Task inputs:
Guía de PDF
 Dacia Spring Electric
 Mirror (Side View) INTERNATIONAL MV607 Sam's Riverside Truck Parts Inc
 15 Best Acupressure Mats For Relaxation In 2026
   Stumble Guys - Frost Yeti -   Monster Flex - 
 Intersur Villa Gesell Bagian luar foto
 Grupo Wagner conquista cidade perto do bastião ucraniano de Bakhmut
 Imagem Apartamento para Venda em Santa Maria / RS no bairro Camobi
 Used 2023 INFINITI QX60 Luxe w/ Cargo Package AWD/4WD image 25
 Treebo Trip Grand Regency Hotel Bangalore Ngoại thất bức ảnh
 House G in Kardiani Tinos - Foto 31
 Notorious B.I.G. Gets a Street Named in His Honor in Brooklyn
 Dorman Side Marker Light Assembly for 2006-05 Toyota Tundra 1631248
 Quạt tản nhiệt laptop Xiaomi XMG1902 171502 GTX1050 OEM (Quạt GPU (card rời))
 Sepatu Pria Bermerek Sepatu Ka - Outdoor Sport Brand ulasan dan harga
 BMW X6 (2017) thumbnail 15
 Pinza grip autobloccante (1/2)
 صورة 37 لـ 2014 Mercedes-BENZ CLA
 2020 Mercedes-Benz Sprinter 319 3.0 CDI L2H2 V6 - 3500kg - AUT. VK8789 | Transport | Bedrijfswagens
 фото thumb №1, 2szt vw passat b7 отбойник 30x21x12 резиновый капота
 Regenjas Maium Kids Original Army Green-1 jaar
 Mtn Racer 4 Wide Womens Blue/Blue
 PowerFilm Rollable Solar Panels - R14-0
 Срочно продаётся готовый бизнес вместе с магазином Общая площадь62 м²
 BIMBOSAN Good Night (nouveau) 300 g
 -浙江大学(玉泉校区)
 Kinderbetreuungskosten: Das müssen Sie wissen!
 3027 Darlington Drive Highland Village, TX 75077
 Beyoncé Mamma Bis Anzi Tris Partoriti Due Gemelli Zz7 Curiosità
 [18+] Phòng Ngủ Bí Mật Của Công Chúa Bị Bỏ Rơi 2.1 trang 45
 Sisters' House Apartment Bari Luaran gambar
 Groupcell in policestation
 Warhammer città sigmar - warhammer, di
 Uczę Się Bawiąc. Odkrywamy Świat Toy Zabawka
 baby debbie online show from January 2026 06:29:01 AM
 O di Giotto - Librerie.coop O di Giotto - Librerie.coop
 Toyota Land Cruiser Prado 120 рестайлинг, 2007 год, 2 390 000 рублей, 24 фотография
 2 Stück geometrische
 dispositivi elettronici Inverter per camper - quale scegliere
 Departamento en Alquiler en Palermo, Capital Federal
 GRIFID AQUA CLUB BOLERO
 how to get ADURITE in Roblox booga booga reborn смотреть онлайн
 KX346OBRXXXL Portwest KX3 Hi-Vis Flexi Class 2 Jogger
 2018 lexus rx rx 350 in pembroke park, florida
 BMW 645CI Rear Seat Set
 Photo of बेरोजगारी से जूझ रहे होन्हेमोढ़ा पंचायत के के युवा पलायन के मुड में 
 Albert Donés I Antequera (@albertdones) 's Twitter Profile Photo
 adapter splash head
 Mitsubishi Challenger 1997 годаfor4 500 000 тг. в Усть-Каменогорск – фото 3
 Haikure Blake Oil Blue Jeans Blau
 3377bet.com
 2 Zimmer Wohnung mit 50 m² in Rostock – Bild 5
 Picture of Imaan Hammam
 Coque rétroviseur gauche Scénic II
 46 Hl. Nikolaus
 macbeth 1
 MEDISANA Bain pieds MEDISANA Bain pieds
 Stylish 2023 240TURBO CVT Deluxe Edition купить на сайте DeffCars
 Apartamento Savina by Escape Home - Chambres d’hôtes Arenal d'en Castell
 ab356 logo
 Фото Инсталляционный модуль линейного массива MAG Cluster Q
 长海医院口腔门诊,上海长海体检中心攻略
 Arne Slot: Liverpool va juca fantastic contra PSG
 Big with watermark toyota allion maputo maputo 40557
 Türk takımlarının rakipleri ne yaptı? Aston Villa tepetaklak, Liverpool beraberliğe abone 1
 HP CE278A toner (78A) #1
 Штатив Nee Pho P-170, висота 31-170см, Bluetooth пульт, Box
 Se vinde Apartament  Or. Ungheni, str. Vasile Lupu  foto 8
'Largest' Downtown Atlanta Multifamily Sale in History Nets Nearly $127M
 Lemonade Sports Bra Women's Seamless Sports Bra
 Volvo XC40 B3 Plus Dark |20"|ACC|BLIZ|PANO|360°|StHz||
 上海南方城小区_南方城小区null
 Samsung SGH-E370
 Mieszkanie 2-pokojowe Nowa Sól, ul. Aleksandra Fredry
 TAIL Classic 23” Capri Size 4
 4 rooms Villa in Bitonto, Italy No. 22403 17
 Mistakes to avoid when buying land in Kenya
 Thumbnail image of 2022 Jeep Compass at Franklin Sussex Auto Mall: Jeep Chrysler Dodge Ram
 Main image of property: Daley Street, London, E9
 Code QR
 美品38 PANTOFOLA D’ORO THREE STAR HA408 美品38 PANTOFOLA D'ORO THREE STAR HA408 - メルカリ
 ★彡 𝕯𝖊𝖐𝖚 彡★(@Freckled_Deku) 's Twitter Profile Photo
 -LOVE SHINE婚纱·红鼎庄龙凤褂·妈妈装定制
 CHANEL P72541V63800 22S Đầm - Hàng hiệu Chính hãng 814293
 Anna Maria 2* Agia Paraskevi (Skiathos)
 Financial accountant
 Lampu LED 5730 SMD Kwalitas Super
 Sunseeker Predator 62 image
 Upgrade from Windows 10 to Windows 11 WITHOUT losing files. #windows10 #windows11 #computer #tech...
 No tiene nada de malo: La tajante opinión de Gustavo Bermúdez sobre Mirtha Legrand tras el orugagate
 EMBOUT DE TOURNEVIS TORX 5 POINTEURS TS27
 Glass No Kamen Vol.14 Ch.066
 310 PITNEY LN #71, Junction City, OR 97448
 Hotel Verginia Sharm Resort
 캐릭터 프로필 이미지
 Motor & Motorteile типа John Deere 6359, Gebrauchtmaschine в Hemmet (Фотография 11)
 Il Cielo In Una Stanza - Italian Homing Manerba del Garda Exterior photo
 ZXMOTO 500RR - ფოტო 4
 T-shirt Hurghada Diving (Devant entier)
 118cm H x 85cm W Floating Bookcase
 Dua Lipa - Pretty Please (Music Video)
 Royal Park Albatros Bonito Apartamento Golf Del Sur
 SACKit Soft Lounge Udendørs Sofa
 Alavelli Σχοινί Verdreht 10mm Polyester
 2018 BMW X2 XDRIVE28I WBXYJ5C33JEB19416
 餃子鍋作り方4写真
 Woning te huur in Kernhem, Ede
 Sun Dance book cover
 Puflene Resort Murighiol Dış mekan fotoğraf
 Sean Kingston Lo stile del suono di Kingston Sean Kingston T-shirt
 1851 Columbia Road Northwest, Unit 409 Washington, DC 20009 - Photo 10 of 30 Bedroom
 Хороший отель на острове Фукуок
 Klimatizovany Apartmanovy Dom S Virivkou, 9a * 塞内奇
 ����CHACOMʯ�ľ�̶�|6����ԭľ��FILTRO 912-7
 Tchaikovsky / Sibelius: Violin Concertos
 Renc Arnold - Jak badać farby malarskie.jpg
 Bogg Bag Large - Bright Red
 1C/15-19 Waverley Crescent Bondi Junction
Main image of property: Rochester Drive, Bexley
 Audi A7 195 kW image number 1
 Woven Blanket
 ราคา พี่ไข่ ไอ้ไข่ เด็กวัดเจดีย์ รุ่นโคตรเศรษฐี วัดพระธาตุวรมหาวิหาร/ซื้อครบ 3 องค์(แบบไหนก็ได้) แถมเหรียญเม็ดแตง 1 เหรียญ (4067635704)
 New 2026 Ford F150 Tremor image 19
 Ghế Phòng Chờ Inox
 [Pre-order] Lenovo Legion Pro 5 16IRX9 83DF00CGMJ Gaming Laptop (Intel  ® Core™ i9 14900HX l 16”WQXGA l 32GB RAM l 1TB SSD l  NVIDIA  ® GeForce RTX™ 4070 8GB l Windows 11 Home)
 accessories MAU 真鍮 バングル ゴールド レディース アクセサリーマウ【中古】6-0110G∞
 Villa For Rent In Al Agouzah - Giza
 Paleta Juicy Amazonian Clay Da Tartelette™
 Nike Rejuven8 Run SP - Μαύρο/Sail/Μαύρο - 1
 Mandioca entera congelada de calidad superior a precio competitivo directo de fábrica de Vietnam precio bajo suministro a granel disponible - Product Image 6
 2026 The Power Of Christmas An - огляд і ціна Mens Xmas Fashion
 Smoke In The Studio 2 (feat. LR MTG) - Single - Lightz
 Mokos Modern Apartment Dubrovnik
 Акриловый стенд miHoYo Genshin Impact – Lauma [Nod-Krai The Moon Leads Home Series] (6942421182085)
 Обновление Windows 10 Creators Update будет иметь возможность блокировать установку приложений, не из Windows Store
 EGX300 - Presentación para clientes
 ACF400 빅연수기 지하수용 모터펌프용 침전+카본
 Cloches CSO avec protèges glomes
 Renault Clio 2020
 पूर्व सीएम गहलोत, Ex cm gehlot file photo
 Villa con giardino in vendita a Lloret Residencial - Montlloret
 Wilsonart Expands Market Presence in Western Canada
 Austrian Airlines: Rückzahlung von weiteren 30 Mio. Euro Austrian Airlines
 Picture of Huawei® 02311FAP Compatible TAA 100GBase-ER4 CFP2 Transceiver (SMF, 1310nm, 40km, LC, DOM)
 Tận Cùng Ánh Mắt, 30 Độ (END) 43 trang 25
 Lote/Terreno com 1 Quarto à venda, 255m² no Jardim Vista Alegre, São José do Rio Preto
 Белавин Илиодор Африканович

What is needed: Please state how many lines in the material above include the word "Mercedes". Nothing but the number is wanted.

Response: 2